**ACTION ITEM**
Using the listing below, set down exactly the lines from the one that contains "When you start" through the one that contains "This is lesson", with no pictures.
* * * * * * * * *
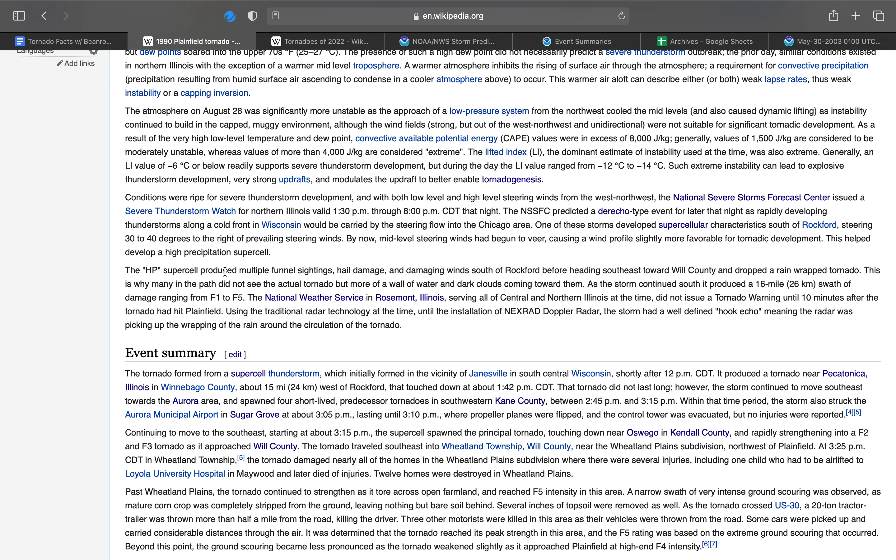The high precipitation supercell produced multiple funnel sightings, one of which was not even five miles from where I live at the Aurora Airport. There were also reports of hail damage and damaging winds south of Rockford before heading southeast toward Will County and dropped the rain-wrapped quarter-mile-wide F5. This is exactly what my teacher had seen.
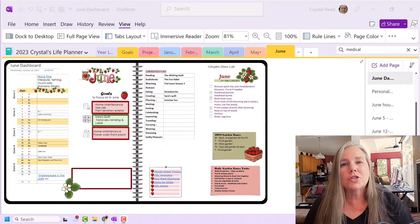Hi everyone. I'm Crystal from A Crystal Clear Life, where we focus on planning, organizing, and living a more simplified life. Today, I want to tell you that finally, to almost everyone who is a OneNote user, the tabs layout options have changed.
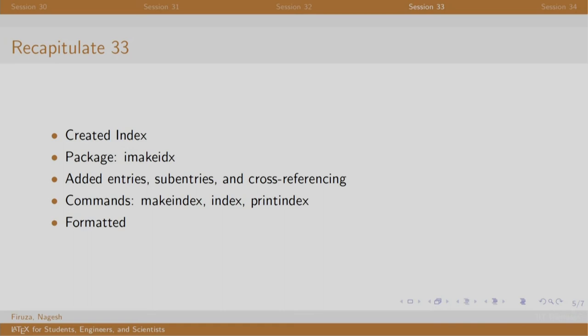In session 33, we created a back index using the imakeidx package wherein we added entries, sub-entries, and cross-referencing.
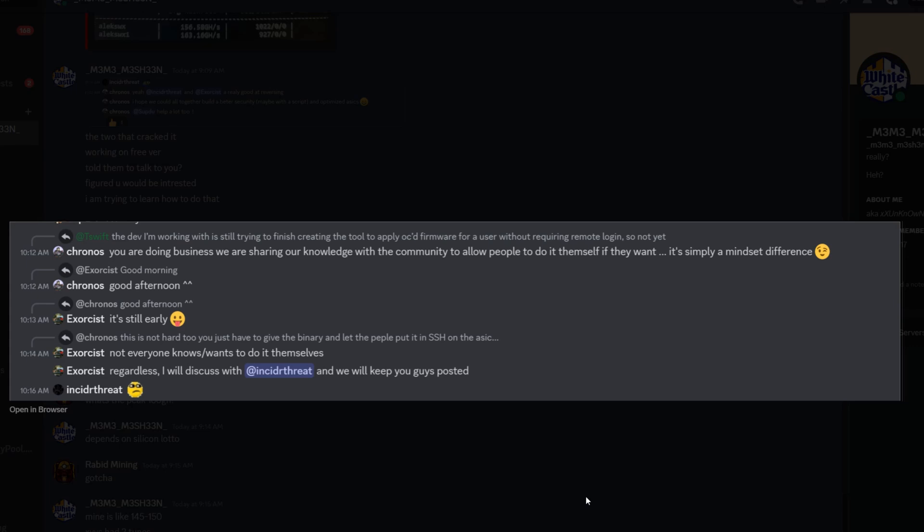Here's another screenshot. I see T Swift is up here as well - says he's working with a dev on trying to finish creating the tool to apply OCD firmware for users without requiring remote login. They're working on it.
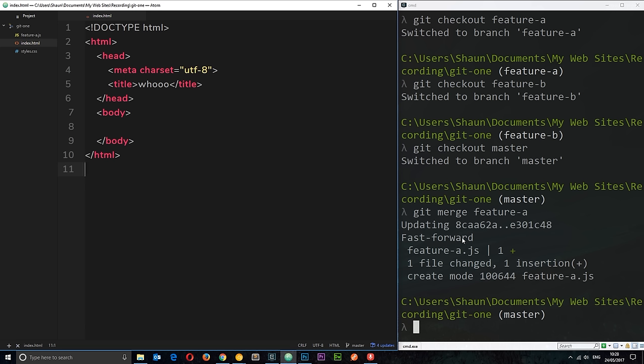And this fast forward thing basically means that all we're doing is kind of fast forwarding up to the code changes that we've made in the feature a branch. Because in the time between branching out and merging it back into master, we've not actually made any changes in the master branch. So, essentially, all we're doing is fast forwarding up to that feature a change. Make sense?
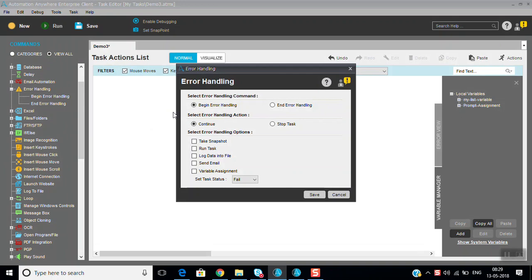When you start any process and you are expecting some error may come, you use begin error handling and end error handling. Whenever you begin error handling, you have options: you can raise a question, you can continue if an error came and just record it and continue, or you can stop the task if something goes wrong.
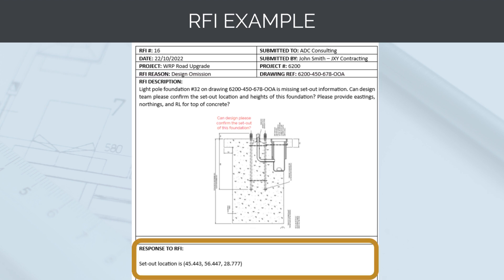The design team then responds with the requested information. Assuming this set-out information was correct, the construction team could then install the foundation in this location and close the RFI. The construction team would mark up this information on their redline drawing set, which we will talk about later on in this section, and the as-built drawings would be drafted to capture this.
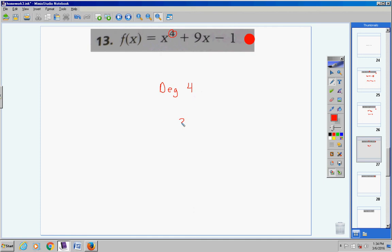Number 13: the highest exponent is four, so the degree is four. Subtract one and you get three. The maximum number of turns this graph would take is three. It might take less than that, but the most turns it could take is three.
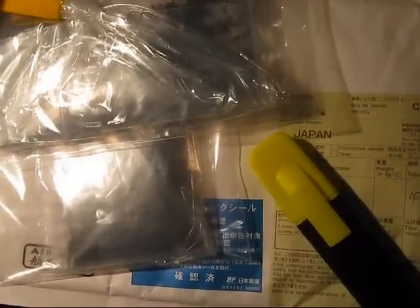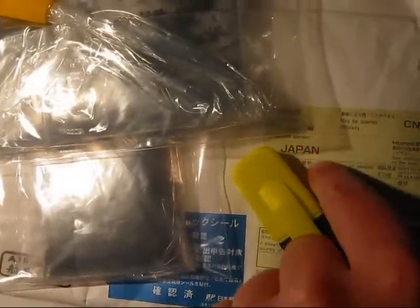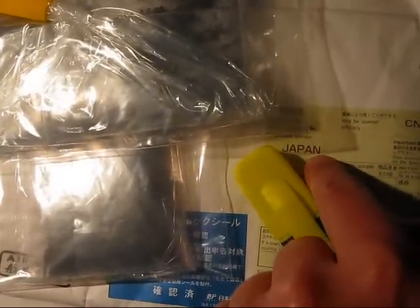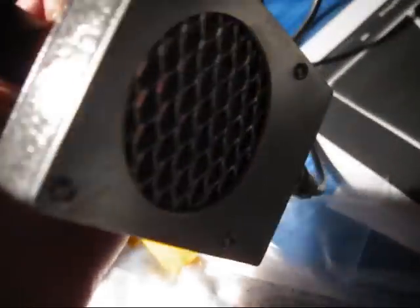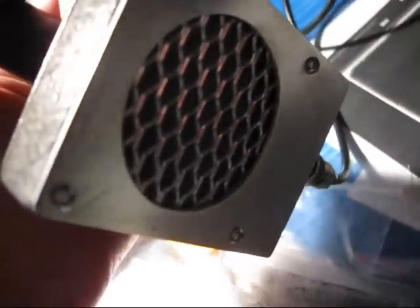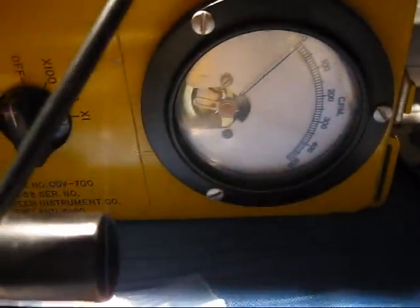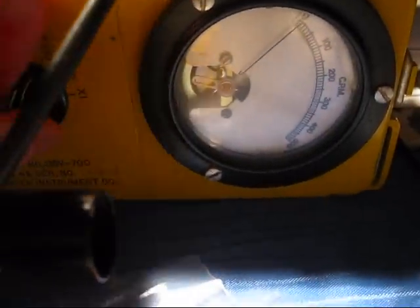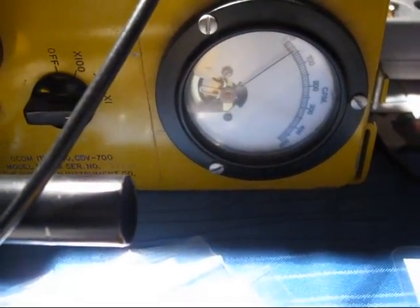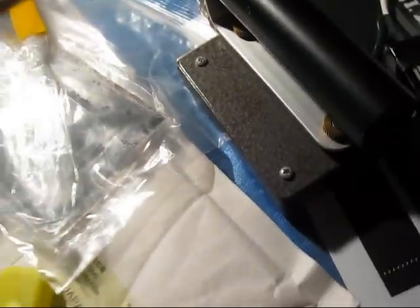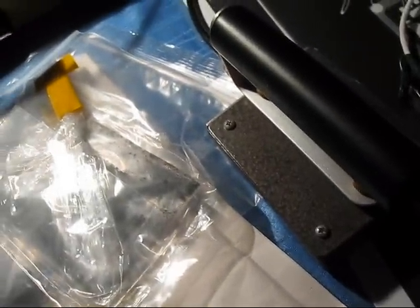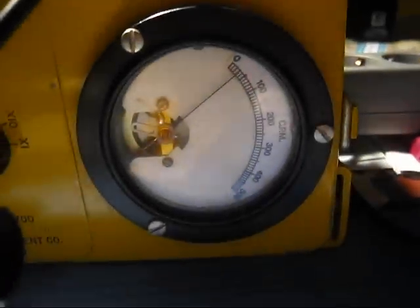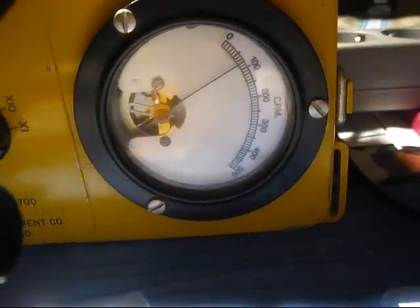I have just received something quite interesting from Japan. These are soil samples, and here I've got my little pancake Geiger-Muller counter and the good old CDV-700, which I'll put on now on the x1 scale. For now, I'm just putting the pancake right next to these unknown soil samples.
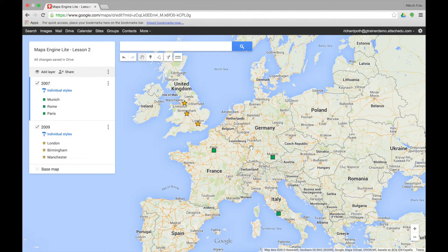This is lesson 4 of Maps Engine Lite. In this lesson you will learn how to use the various tools on the toolbar. There are seven tools on the toolbar.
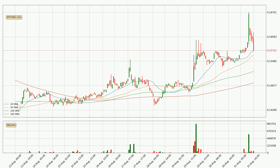Jumping to the hourly simple moving averages, for this time interval the current price is above all of the simple moving averages, which looks bullish. You should watch if the closest SMA, the 50 SMA, could remain stable or if the price will dip below it, with the current price of around 15.6 cents.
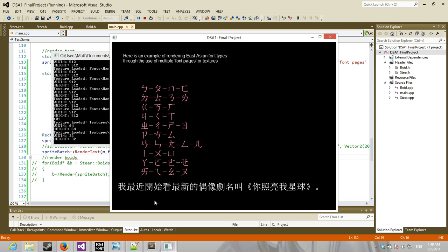Now, embedded in the bitmaps are both traditional and simplified. And if you don't know what those are, Chinese has sort of two different character types. So there's traditional and simplified. Simplified is just simplified versions of the traditional characters. They removed some parts of them.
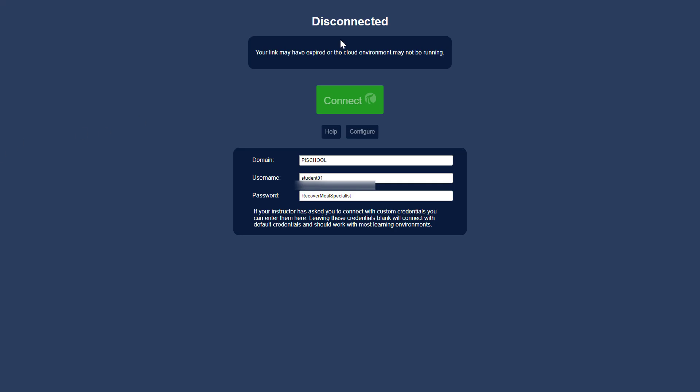This video will walk through exercise one step-by-step. The first step is to log into your virtual environment.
* * * * * * * * *
**TASK SOLUTION**
When you start any process and you are expecting some error may come, you use begin error handling and end error handling. Whenever you begin error handling, you have options: you can raise a question, you can continue if an error came and just record it and continue, or you can stop the task if something goes wrong.
The design team then responds with the requested information. Assuming this set-out information was correct, the construction team could then install the foundation in this location and close the RFI. The construction team would mark up this information on their redline drawing set, which we will talk about later on in this section, and the as-built drawings would be drafted to capture this.
Number 13: the highest exponent is four, so the degree is four. Subtract one and you get three. The maximum number of turns this graph would take is three. It might take less than that, but the most turns it could take is three.
I have just received something quite interesting from Japan. These are soil samples, and here I've got my little pancake Geiger-Muller counter and the good old CDV-700, which I'll put on now on the x1 scale. For now, I'm just putting the pancake right next to these unknown soil samples.
This is lesson 4 of Maps Engine Lite. In this lesson you will learn how to use the various tools on the toolbar. There are seven tools on the toolbar.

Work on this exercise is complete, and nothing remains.